Essas decisões, conta, poderiam ter efeitos financeiros negativos para ele, mas ainda assim essas mudanças compensavam. Quanto mais alguém sobe dentro de uma organização, em geral, mais distante fica da ação e isolado, afirma Paulo, e esse é exatamente o momento que o líder mais precisa aprender a ouvir. “Quem está no campo de batalha talvez não saiba da grande estratégia, mas sabe onde o problema está apertando”, diz.
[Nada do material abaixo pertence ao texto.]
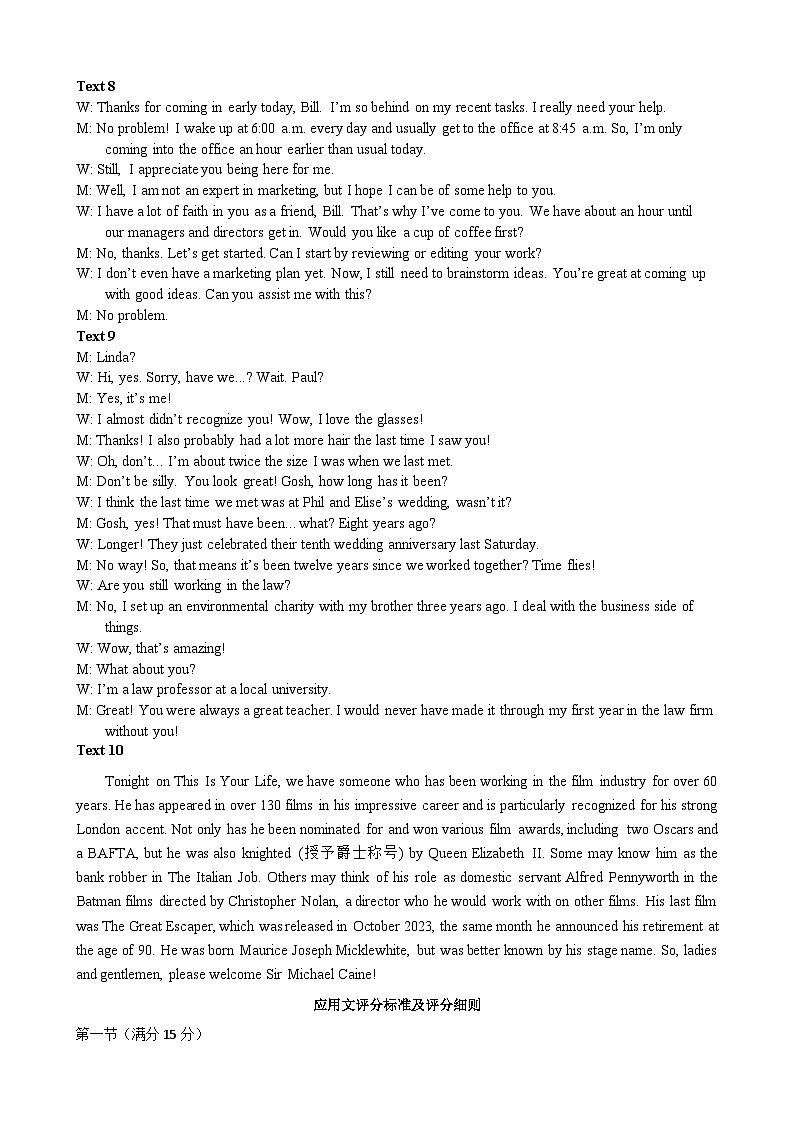 哈三中2025年高三学年第一次模拟考试英语答案第3页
Paulo quer ir contra a ideia, infelizmente ainda comum em alguns lugares, de que a mentoria só acontece quando algo vai mal ou quando o profissional precisa de ajuda. Para ele, as sessões não devem ser encaradas como uma penalização, mas sim como uma oportunidade de compartilhar experiências, desenvolver talentos e competências do mentorado, permitindo que ele alcance seu máximo potencial. 

Mentoria inesquecível

Paulo gosta de ser provocativo em suas mentorias e se lembra de um caso em que o mentorado estava completamente perdido. Só que se a expectativa dele era sair de lá com certezas, o mentor afirma que trabalhou para oferecer ainda mais dúvidas. “Não faz sentido seguir aquilo que alguém disse que é o sucesso, cada um tem seu caminho e a minha função é colocar no caminho certo”, afirma. Paulo conta que pediu ao mentorado que imaginasse aonde queria chegar em dois anos e quais competências precisava adquirir para cumprir esse objetivo. Foi assim que o mentorado, em vez de apenas ser mais uma pessoa com um sonho, passou a ter um plano concreto que está preparado para quando a oportunidade aparecer, seja na empresa na qual trabalha ou fora dela. “Porque às vezes as pessoas esquecem que o principal responsável pela sua carreira não é a empresa, não é o seu chefe, não é o RH. É você mesmo”, afirma.